The software that the Group has acquired is designed for the modernization of user interfaces in applications that run on large and medium-sized systems. It supplements Software AG’s product portfolio in the field of legacy modernization. Based upon a preliminary assessment, the software was valued at €2,470 thousand.
Contribution to revenue and earnings since acquisition on January 1, 2008
Since the date of acquisition on January 1, 2008, the Application Modernization division acquired from Jacada has contributed €1,545 thousand to Group revenues, of which €947 thousand related to the second quarter. The Application Modernization division contributed a negative €15 thousand to total Group net income since the date of acquisition, while in the second quarter of 2008 it contributed €92 thousand. As the Jacada software division has been completely integrated into Software AG, the contribution to Group net income for the year could be determined only by means of an estimate. As the date of acquisition was January 1, 2008, a presentation of these profit figures as if the acquisition had occurred at the beginning of fiscal 2008 can be omitted.
Expenses related to the acquisition of the Jacada software division
The customer base, which was identified as an asset in connection with the acquisition of Jacada’s Application Modernization division, will be amortized over a period of 10 years and the acquired software will be amortized over a period of 5 years. Total amortization in the first half of 2008 was €1,071 thousand, of which €567 thousand related to the second quarter. There were no other expenses connected with this acquisition, and no further expenses are expected.
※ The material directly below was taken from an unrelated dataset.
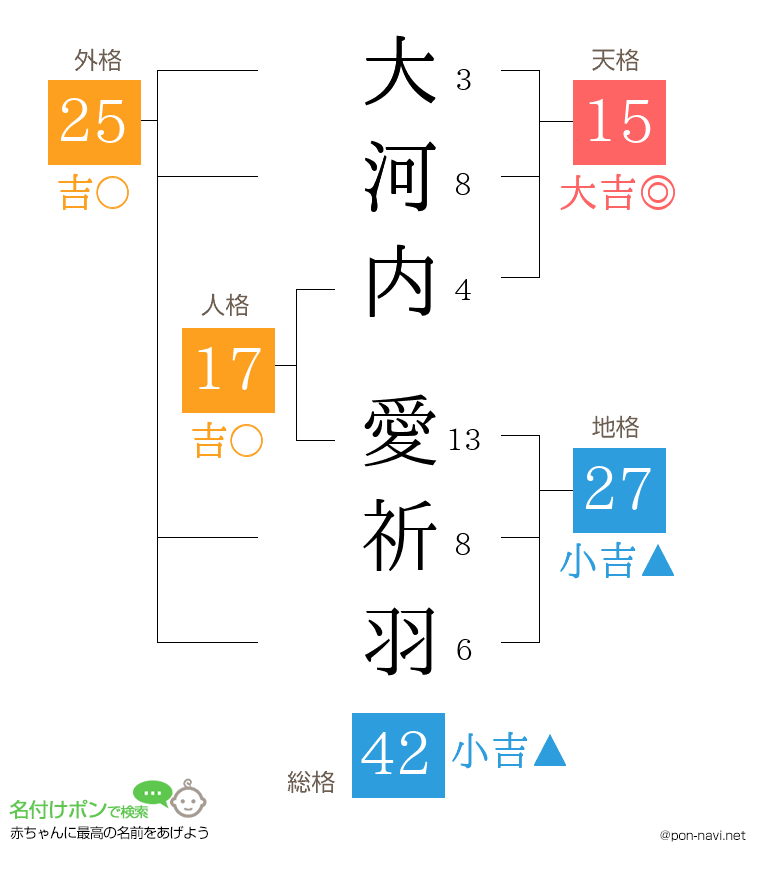 大河内 愛祈羽さんの姓名判断結果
2. Software AG also acquired the remaining minority interests of the following companies in the first half of 2008:
These acquisitions of remaining minority interests eliminated the need to report minority interests in equity and net income in the half-yearly consolidated financial statements as of June 30, 2008.
3. Earn-out payments for earlier acquisitions
Revenue-based earn-out payments of €951 thousand (Q2 2008: €463 thousand) for Software A.G. (Israel) Ltd. (previously Sabratec Ltd., Israel) and €332 thousand (Q2 2008: 0) for Casabac Technologies GmbH, Germany, were paid in the first half of 2008.
4. Currency translation effects
In the first half of 2008, the strong euro, particularly in relation to the US dollar, caused negative currency translation effects on Group revenues compared to the same period in the previous year in the amount of €22,046 thousand, €11,006 of this amount in the second quarter of 2008.
As of June 30, 2008, the effective number of employees (i.e., part-time employees taken into account on a pro-rata basis only) amounted to 3,427 (June 30, 2007: 3,719), 78.0 percent of whom were employed abroad (June 30, 2007: 79.5 percent). In absolute terms (i.e., part-time employees are taken fully into account), the Group employed 3,501 people (June 30, 2007: 3,841) at the end of the second quarter on June 30, 2008.